Thank you for the excellent tips, rstanley. I'll do what you suggest. Meanwhile, please suggest a program to replace splint because I don't think anyone ported lint to MacOS. That OS doesn't even come with yacc and bison. Then again, I'll think I'm cheating to use a parser generator when I write a compiler.

Naturally, I know that sane programmers don't want to reinvent the wheel. So I realize that a parser generator would save me plenty of work and even a headache or two. But I want to learn how to write elegant code on my own. If you've read any programs a from a parser generator, you know it won't make you exclaim, "Wow, that's gorgeous."

You should have seen the lousy Cobol programs I maintained years ago. I still hate the wordy language. When I program, I want my code's meaning to be clear to anyone who knows the language I wrote it in. But that goal is hard to reach when you need about 20 lines to write a "Hello, world" program.

Though I don't mean to brag, in my Cobol days, only I knew how to find a square root in Cobol. Or so it seemed. Another programmer earned a B.S. degree in mathematics before his programming carer. Nobody there thought, "Aha, I'll raise a number to the half power."
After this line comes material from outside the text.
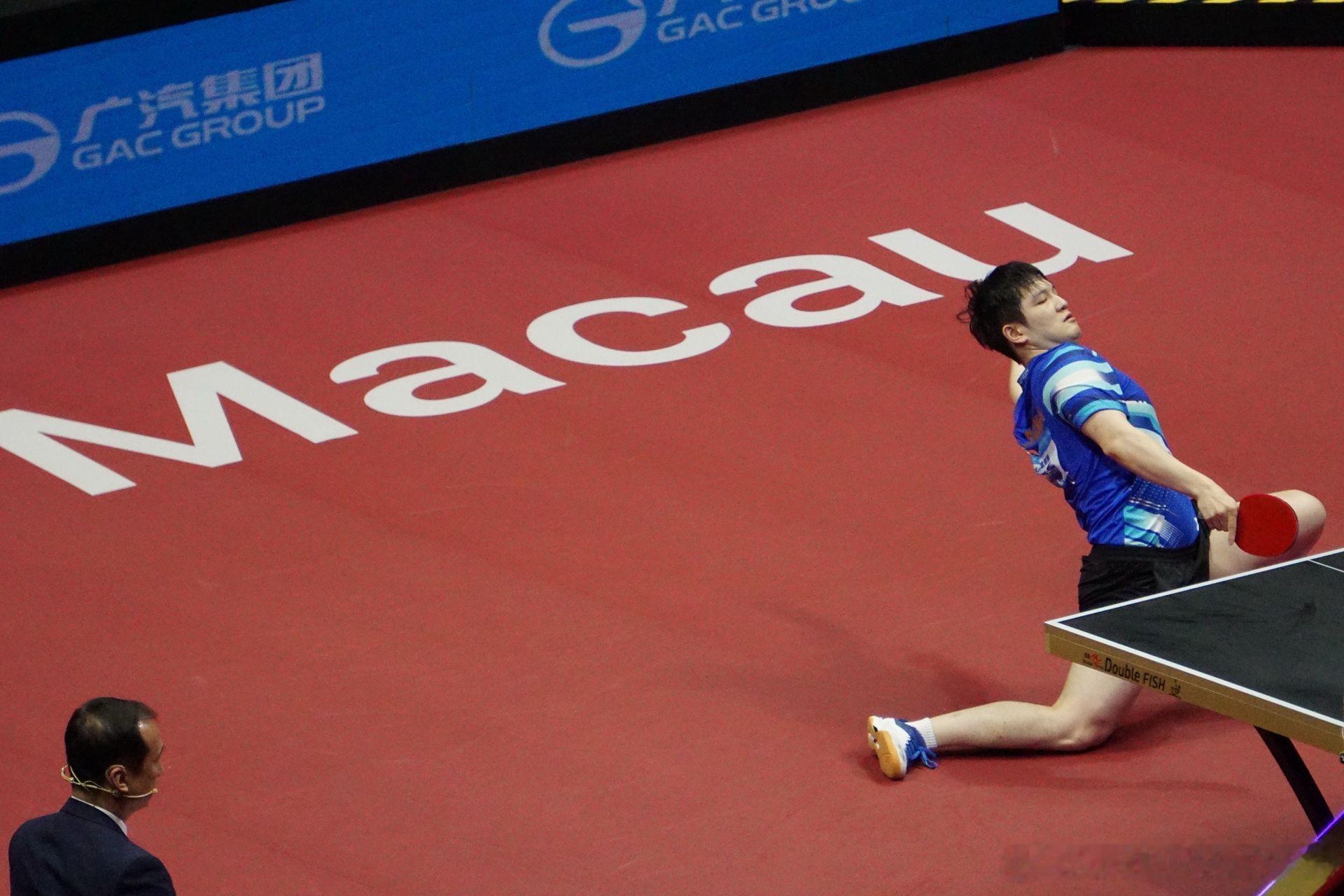 樊振东的身体极限令人震惊！核心太稳，一般人这个姿势早就去医院了吧Lavender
I drove home, translated a Pascal function into Cobol, and handed the Cobol code to them mathematician who thought it contained in infinite loop. But another guy added my code the program that needed it. That code worked correctly the first time and forever after that. Maybe that convinced the other programmers that it was good for me to keep my head in the academic clouds, though I risked getting my nose sideswiped by a Boeing 767.
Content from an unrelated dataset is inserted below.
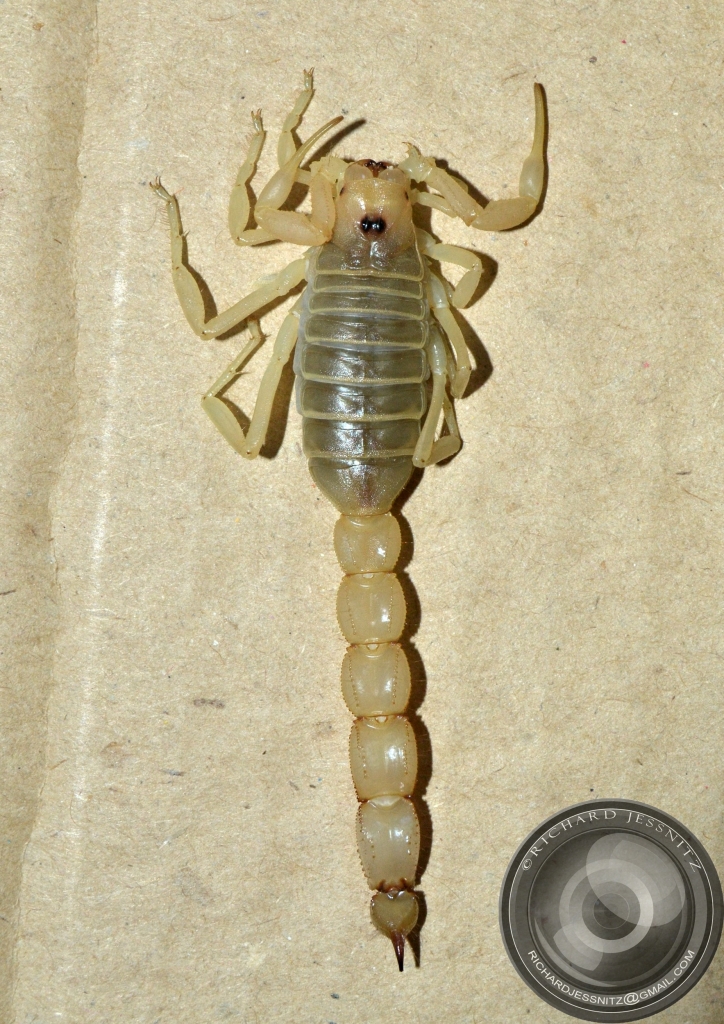 Scorpion Dry Mount 2012-10-23 002.JPG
Then again, it disappointed me to know the square root "function" was the only original code I put into production back then. I longed for a day when my boss would let me write a program from scratch because my AI professor said I wrote "damn good code." That boss handed me a specification for a new program before we discovered that his boss decided to lay me off. Yes, I do mean "layoff." It's not a euphemism for getting fired. A few mons later, the company went out of business.